Greek officials were not immediately available for comment as Wednesday was a public holiday.

Greece's government is currently scrambling to find budget cuts -- amounting to 11.5 billion euros ($14.2 billion) or around five per cent of GDP -- to be implemented in 2013 and 2014 as part of its existing bailout deal with the European Union and International Monetary Fund.

Samaras has made it known since before taking office in June that he favours spreading out the spending cuts demanded by Greece's international creditors, the European Union and International Monetary Fund.

Greek officials have long argued that the magnitude of the cuts demanded in exchange for bailout loans risk pushing the country into such a vicious circle of recession that it won't be able to meet its reform targets.

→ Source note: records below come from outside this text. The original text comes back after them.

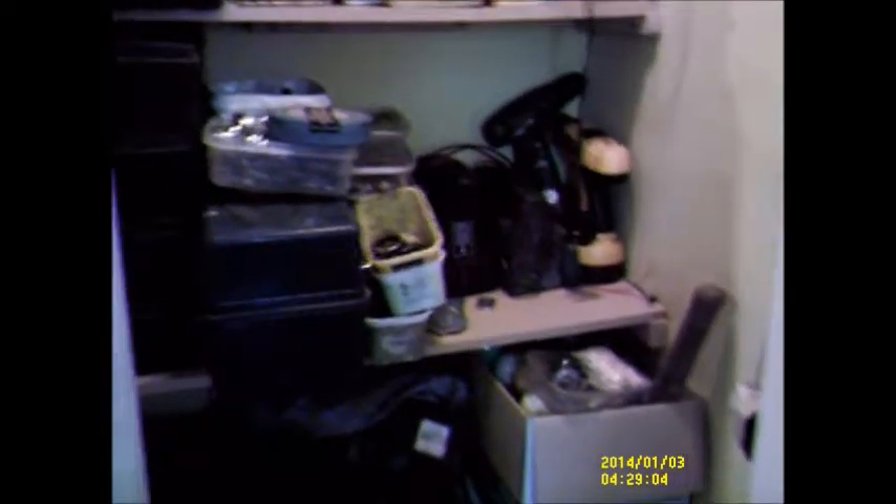I bet that big green box over there won't go in this cupboard with everything that's in it. There's a lot of bike parts in that big green tub that have got to be sorted out anyway. Hopefully I can get some of these extension cords down there — I'm going to take those over to mum's as well.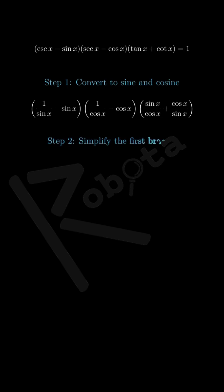Step 2: Simplifying the first bracket. Now let's work on each bracket separately. For the first bracket we have 1 over sine x minus sine x. Finding a common denominator, this becomes 1 minus sine squared x, all over sine x.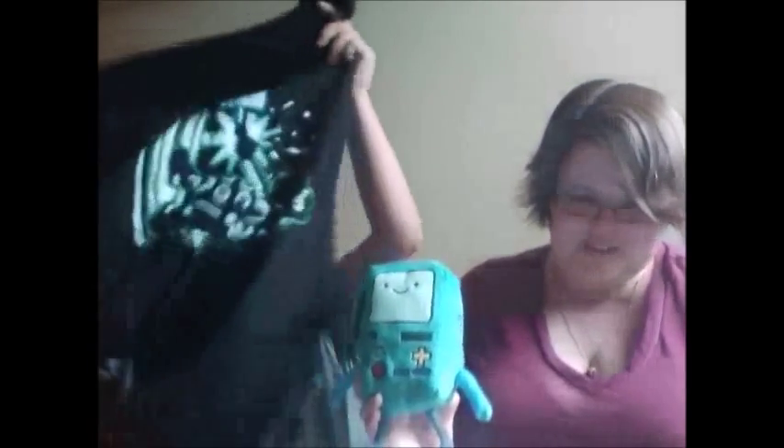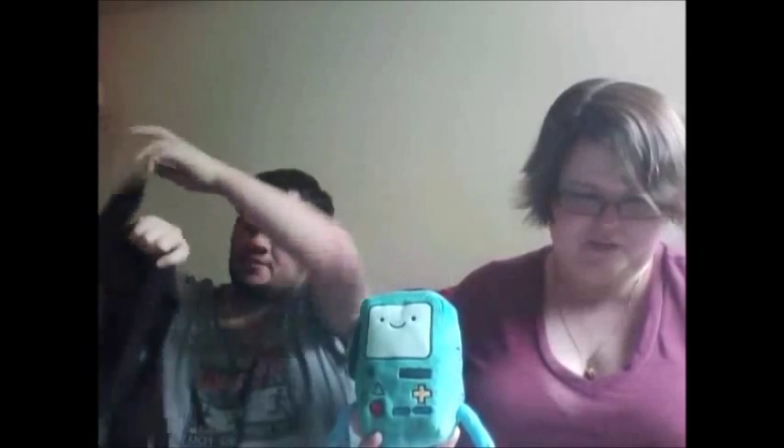My favorite item of this particular box is the shirt — I love the shirt. And apparently Kara's favorite item is the Beemo plush; he's going to do our reviews with us from now on. I might keep the 1UP Box — it's cheap and everything here was a winner for me. I think I'm going to keep the 1UP Box.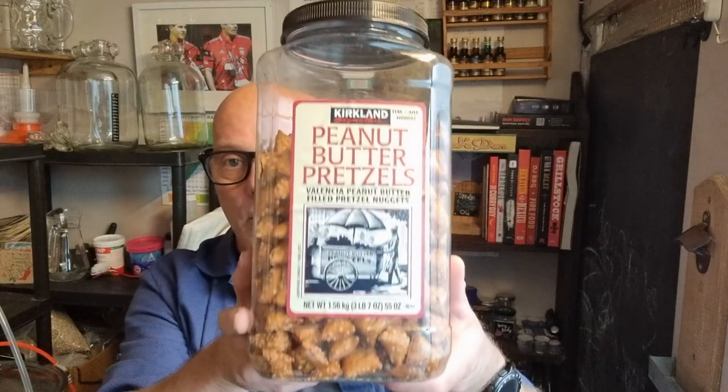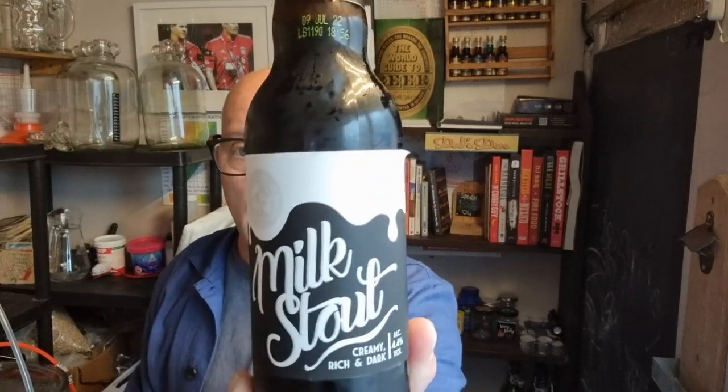Hello, it's Tuesday afternoon. During my lazy Sunday chat I mentioned these Kirkland Signature peanut butter pretzels - Valencia peanut butter filled pretzel nuggets. I was recommended those by Mr. Peter Hodge, and another of his recommendations was trying them with a stout. I didn't have one at the time, so I'm going to do a bit of a review, as I've got a stout now and I've not had this one before.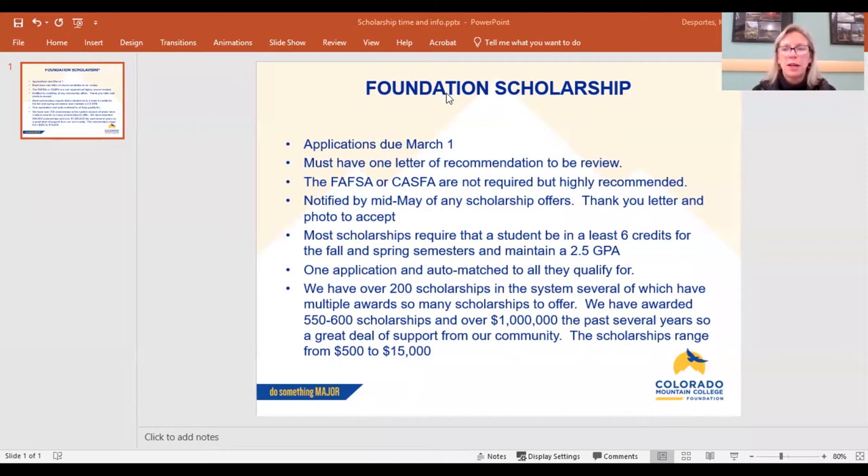One of the most critical pieces of the application is the letter of recommendation. You want to first ask someone — a teacher, a counselor, a coach, an employer — if they will provide the letter of recommendation. Once they've agreed, you're going to put their name and email address in the application and it will send an email to them. Sometimes it goes to their junk mail, but it really is an important piece and it's a bit out of your control.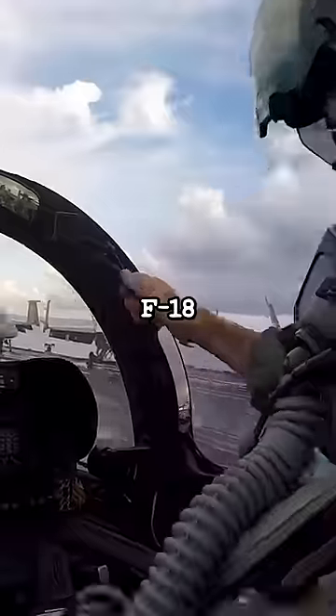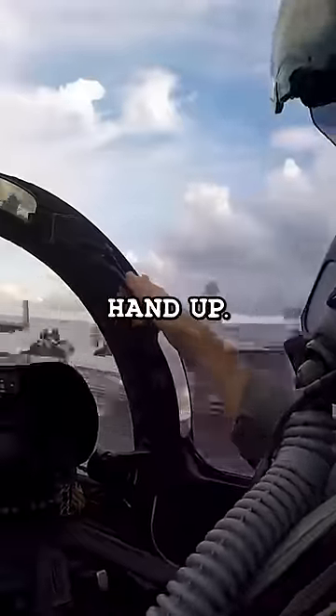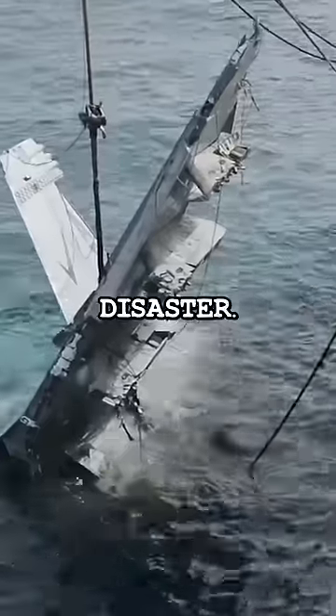When taking off from aircraft carriers, F-18 pilots must keep their right hand up. If they don't, there could be disaster. But why is this?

Preliminary figures show that the Greek economy contracted by 6.2 per cent in the second quarter and expectations are now that it fall by seven per cent overall this year -- its fifth year of recession.

According to the FT the Greek government would need an additional 20 billion euros to cover the budget shortfall in case spending cuts are spread out over an additional two years.

It would not ask the EU for additional bailout funds but would seek to delay repaying rescue loans from 2016 to 2020, tap an existing IMF loan and issuing additional short-term treasury bills, said the newspaper.

Finding the 11.5 billion euros in unpopular cuts has caused strains in Greece's new coalition government, with only about two-thirds of the amount agreed.

With unemployment already at 23.1 per cent, the government is reluctant to carry out job cuts or send public workers on temporary furloughs.